Il coronavirus, oltre ad aver spezzato molte vite umane, ha comunque stroncato le aspettative di tutti i tifosi dell’autonomia rafforzata. Sono rimasti in pochi a suonare la grancassa per la semi-scissione del Lombardo-Veneto, segno che l’Italia sarà pure la nazione più sgangherata, anarchica e ingovernabile del globo, ma, tutto sommato, è più rassicurante lei di qualsiasi altra area perimetrale più ristretta. Con buona pace del federalismo spinto, che finora si è giovato di una sorta di percezione selettiva, volta a non vedere ciò che non si intendeva vedere. «Un’intelligenza acuta - notava lo scrittore Saul Bellow (1915-2005) riferendosi agli intellettuali facili alle sbandate ideologiche - può tradursi in ignoranza quando più è profondo il bisogno di un’illusione».
Infatti. Il coronavirus ha smascherato l’illusione (fatale) di ventuno modelli sanitari. Ne ha dimostrato le contraddizioni, l’insostenibilità. Il coronavirus ha messo in risalto l’urgenza di una centralizzazione delle politiche per la salute, sia perché è inconcepibile la frammentazione delle scelte per la sanità sia perché neppure il ricco Nord si è rivelato capace di badare da solo ai lazzaretti della nuova peste.
La Lombardia della salute si è ritrovata fuori pista, all’improvviso, quando nessuno se lo aspettava. Il suo esaltato sistema sanitario territoriale di prevenzione, dotato sulla carta della potenza di una Ferrari, non è riuscito a schivare il cigno nero spuntato a sorpresa sul rettilineo. Ha rimediato la figura di una vecchia utilitaria scassata, con i freni fuori uso. È andata meglio al confinante Veneto, anche perché Luca Zaia, il suo pilota, si è rivelato, nelle manovre decisive, più lucido e tempestivo del collega Attilio Fontana.
Risultato: il regionalismo hard di Lombardia e Veneto oggi non eccita più nessuno in quelle zone. Pochi mesi ancora e dell’autonomia differenziata non si ricorderà più nessuno. Non è da escludere neppure che, strada facendo, siano proprio Lombardia, Veneto ed Emilia Romagna a cestinare platealmente il programma ultra-federalistico che, nelle intenzioni iniziali, avrebbe dovuto mettere il turbo alle loro macchine regionali.
Piuttosto. Siccome il pendolo tra le opposte visioni in Italia oscilla di solito più che altrove, bisogna mettere in preventivo, e, diciamo noi, auspicare una riforma, in senso contrario allo status quo, dei poteri di Stato e Regioni. Del resto, se Matteo Renzi, anziché condurre la sua sfida referendaria (dicembre 2016) solo sul binario dell’abolizione del Senato, l’avesse portata avanti soprattutto sulla strada del riacquisto di competenze da parte dello Stato centrale nei riguardi delle Regioni, probabilmente quella contesa avrebbe prodotto un esito diverso.

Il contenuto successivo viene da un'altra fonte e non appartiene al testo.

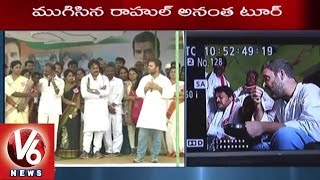 Rahul Gandhi Rythu Bharosa Yatra Completed Successfully | Anantapur | V6 News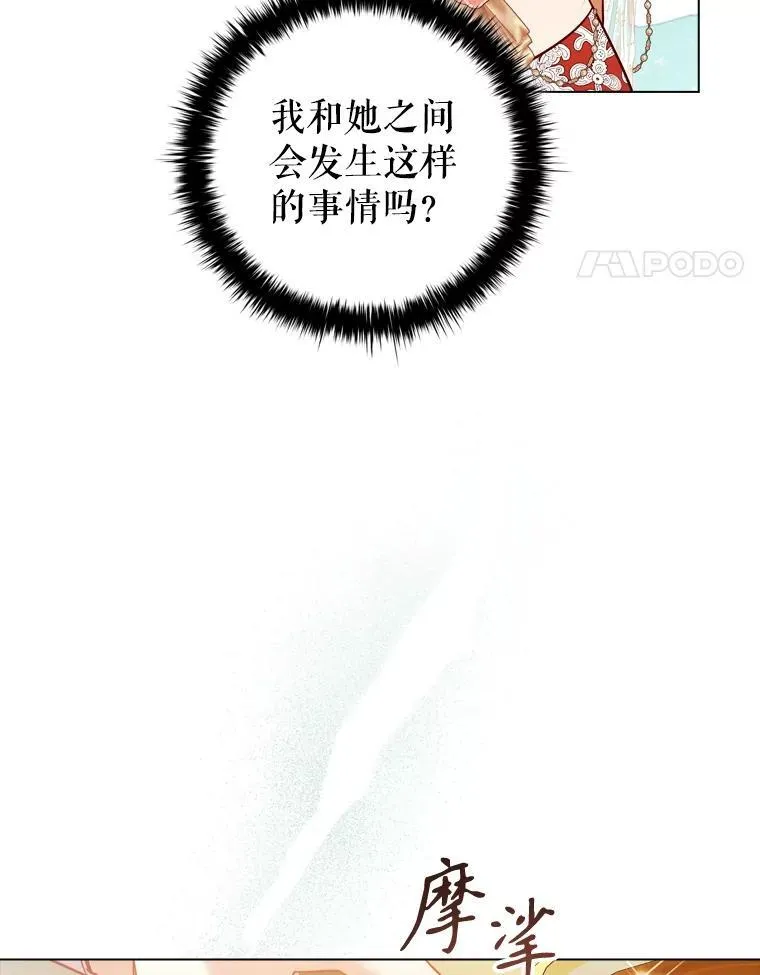 77.意外的邀请 第102页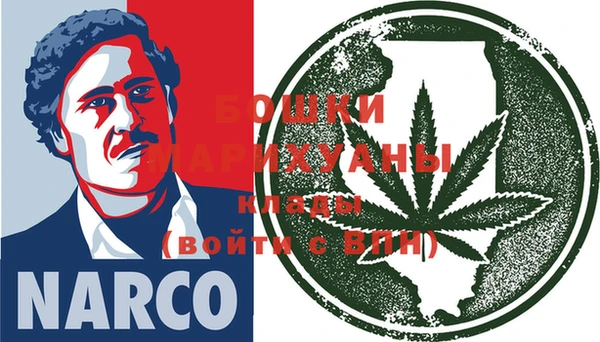 первитин Белокуриха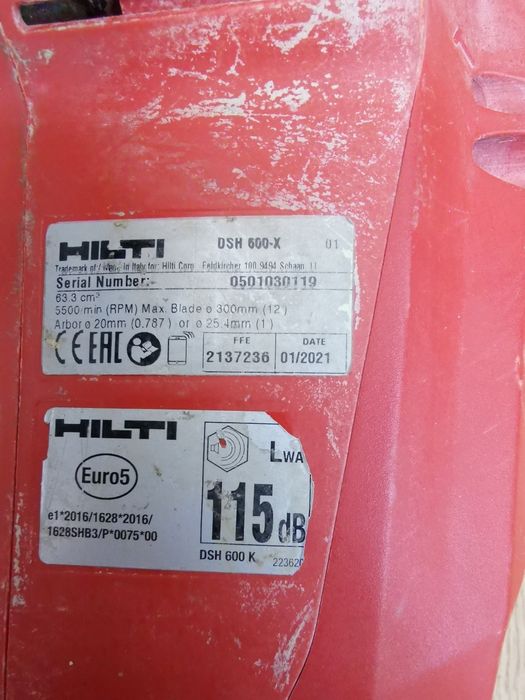 Przecinarka spalinowa Hilti DSH 600x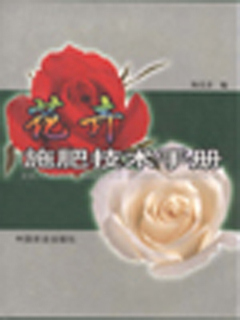 花卉施肥技术手册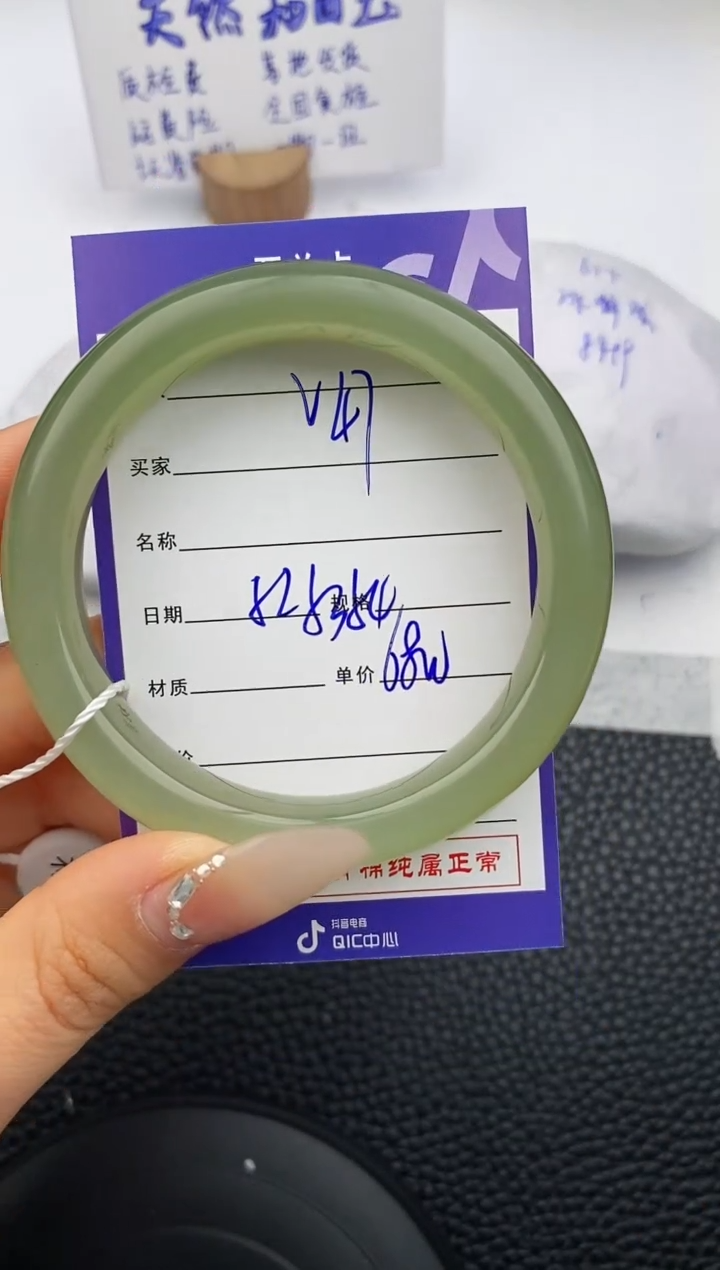 【闪购商品】和田玉手镯未镶嵌47微色差T9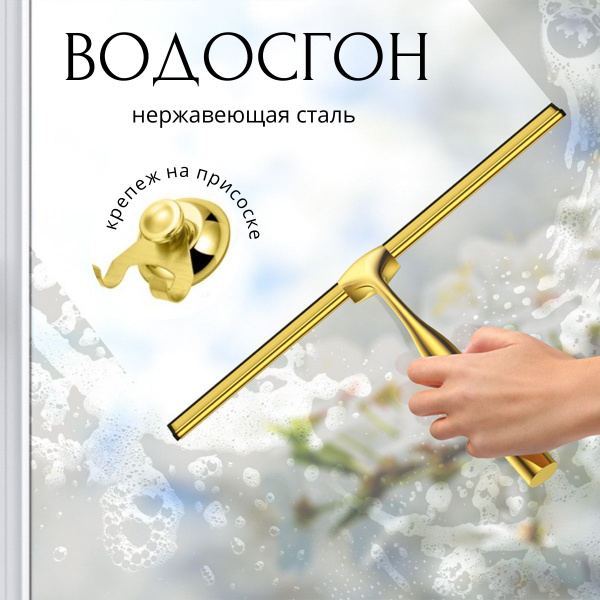 Стеклоочиститель купить по выгодным ценам в интернет-магазине OZON ...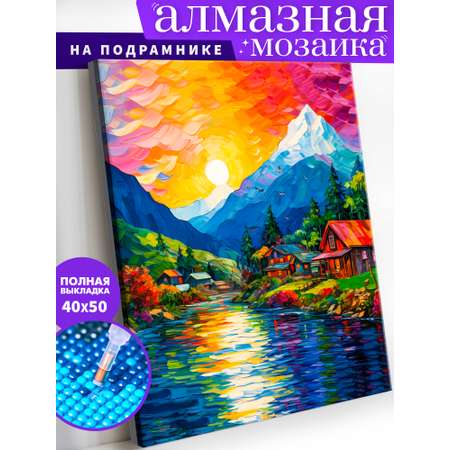 Алмазная мозаика Art on Canvas Красочный пейзаж в ассортименте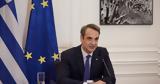 PM Mitsotakis, Thessaly,SEV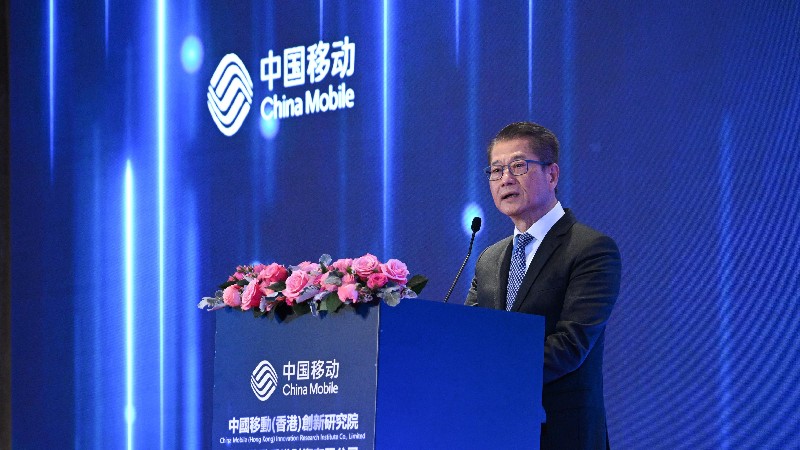 中国移动在港设立创新研究院和财资中心 陈茂波：有力支持香港发展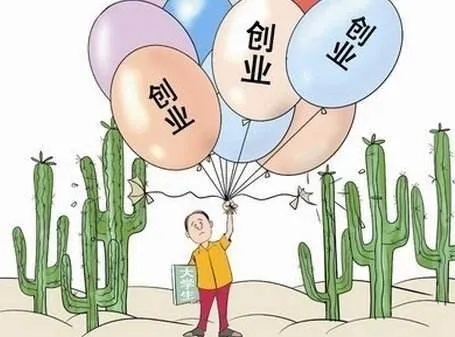 创业之路，意义与收获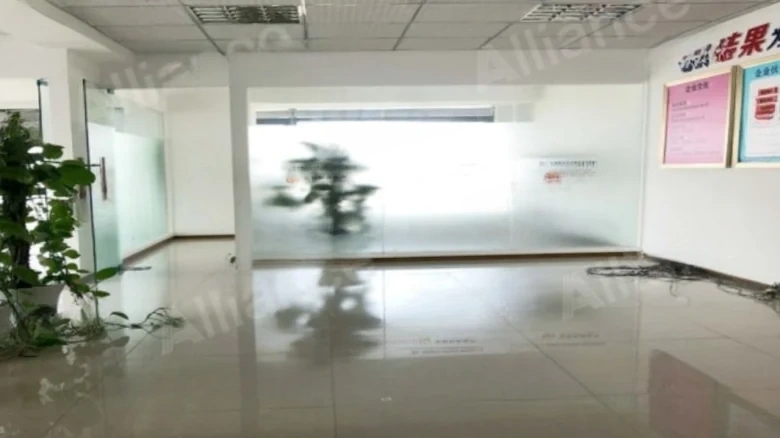 English: Yin Li International Plaza - View 2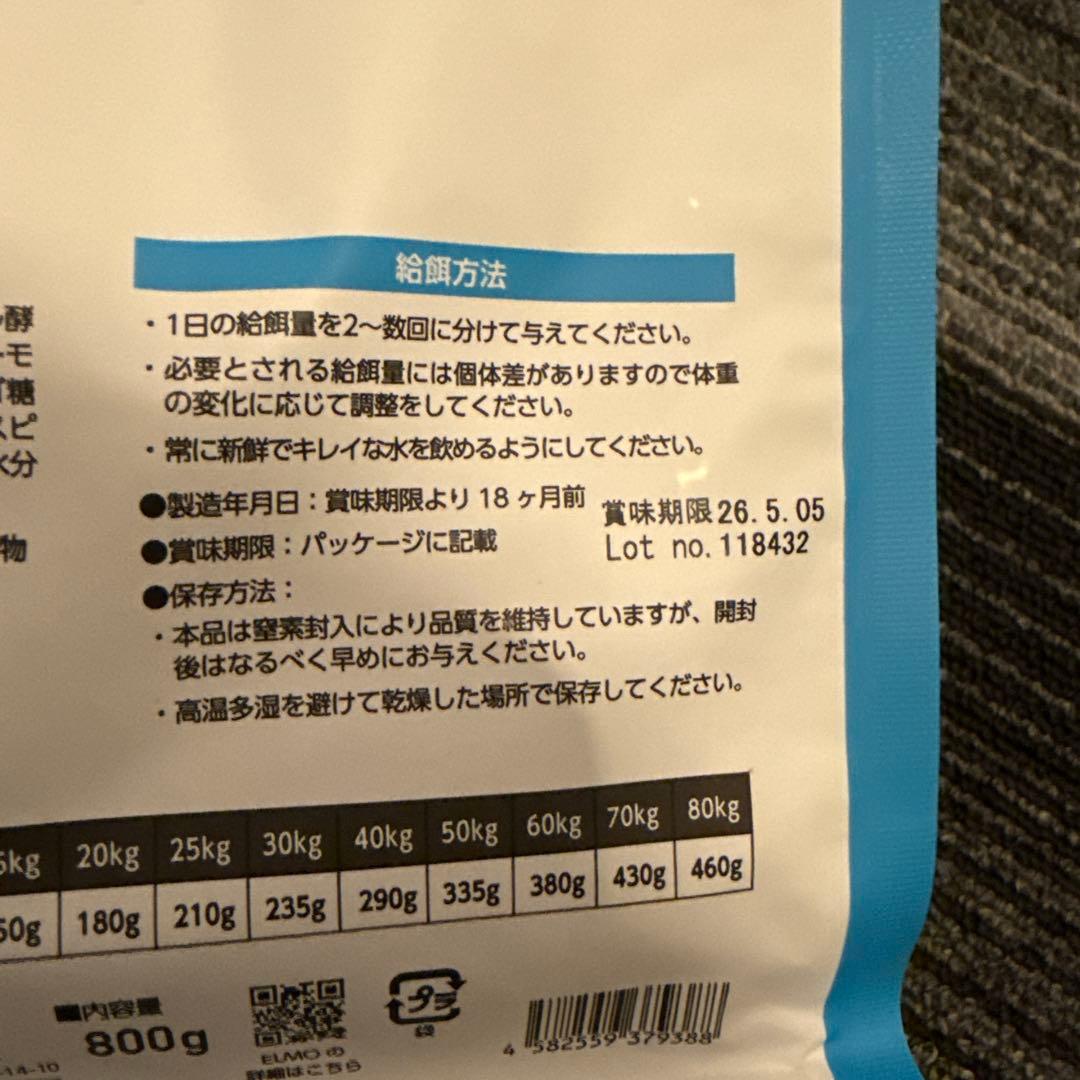 ELMO ドライフード 800g×12袋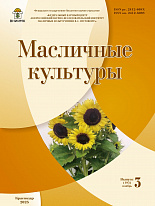 Выпуск № 3 (195) 2023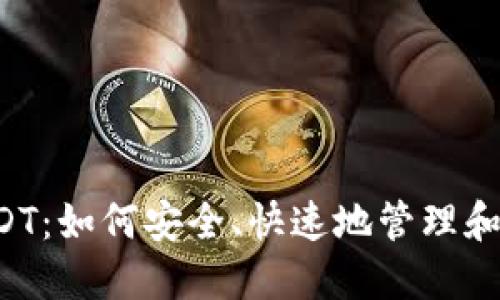 秒钱包USDT：如何安全、快速地管理和交易USDT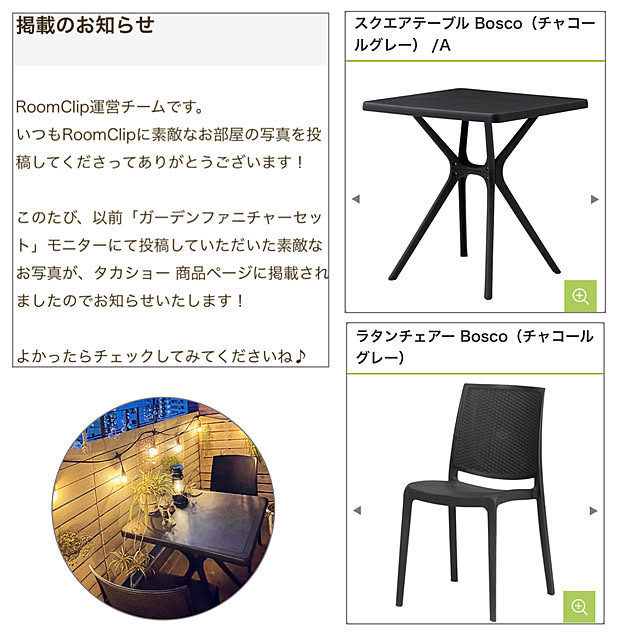 funiさんの実例写真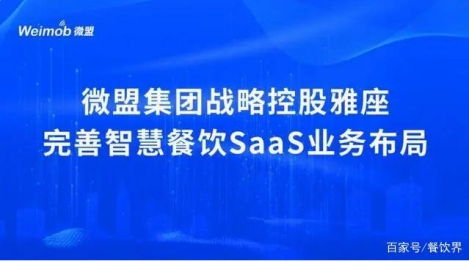 2022最火餐饮项目加盟，挑战与机遇并存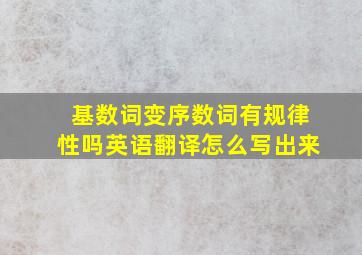 基数词变序数词有规律性吗英语翻译怎么写出来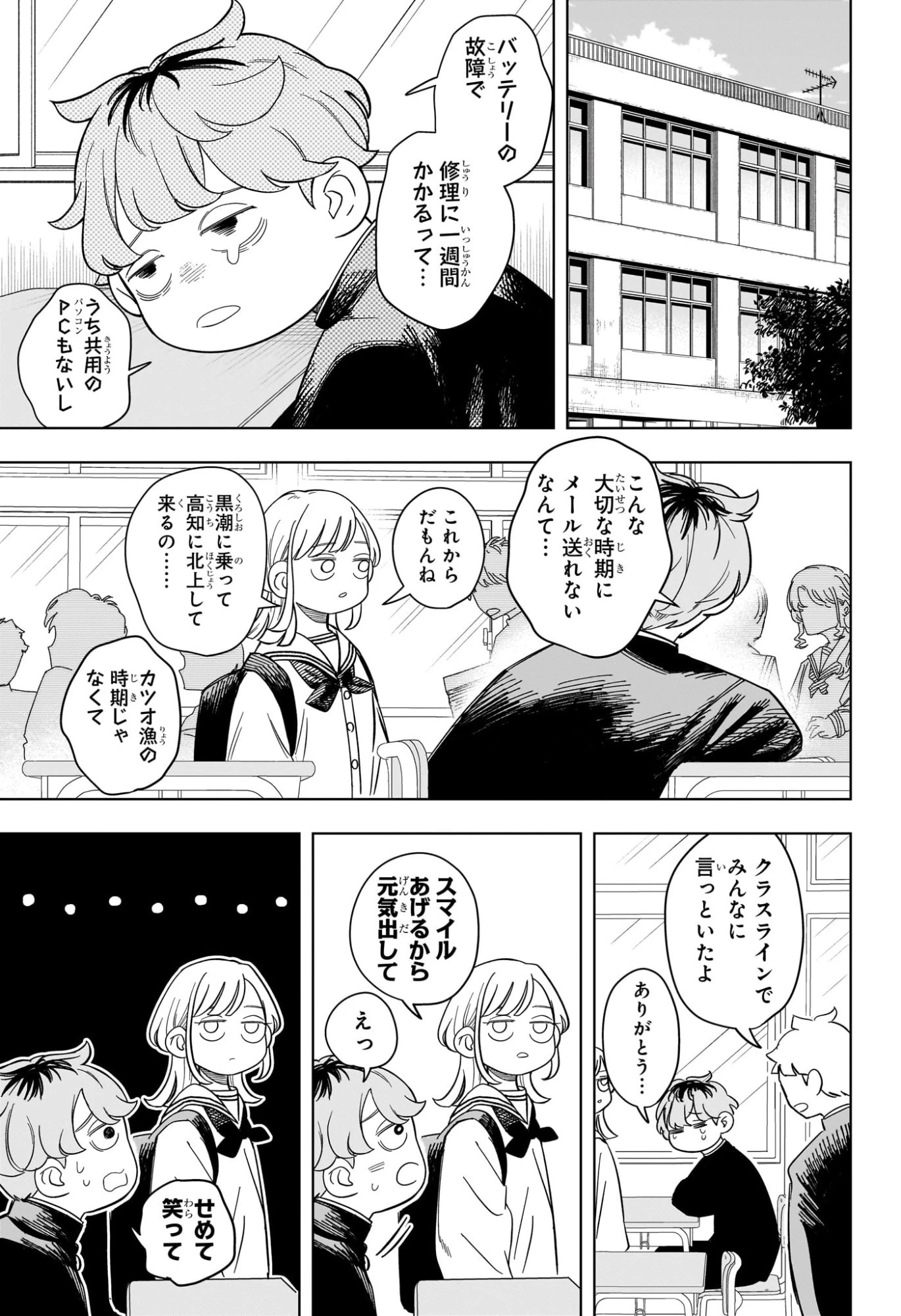 さむわんへるつ 第12話 - 3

In ogni caso, la tragedia del coronavirus è destinata a incidere con forza sul bilanciamento dei poteri tra Stato e Regioni, specie se si dovesse radicare la volontà, pressoché generale, di irrobustire l’apparato sanitario pubblico. Anche perché, in materia sanitaria, il Sud è messo assai peggio del Nord e se il progetto di autonomia differenziata avesse preso il volo, per il Mezzogiorno sarebbe stato più buio che in piena notte.
Memento. Il ritorno della sanità sotto la regia dello Stato nazionale non dovrebbe comportare il sequel di quell’orgia normativa che negli ultimi decenni ha mandato in orgasmo solo giuristi e amministrativisti vari, gli unici a festeggiare per i falli reciproci tra poteri centrali e periferici. Il ritorno, da protagonista, dello Stato in campo sanitario dovrebbe avvenire all’insegna di una bella dieta normativa, visto che finora la pianificazione da iper-legislazione ha assicurato, tra l’altro, molto lavoro alle procure della Repubblica.
Ma non corriamo troppo. Accontentiamoci dello stop all’autonomia differenziata che non soltanto avrebbe contribuito ad allontanare mezza Italia dall’Europa, ma avrebbe soprattutto separato l’Italia dall’Italia.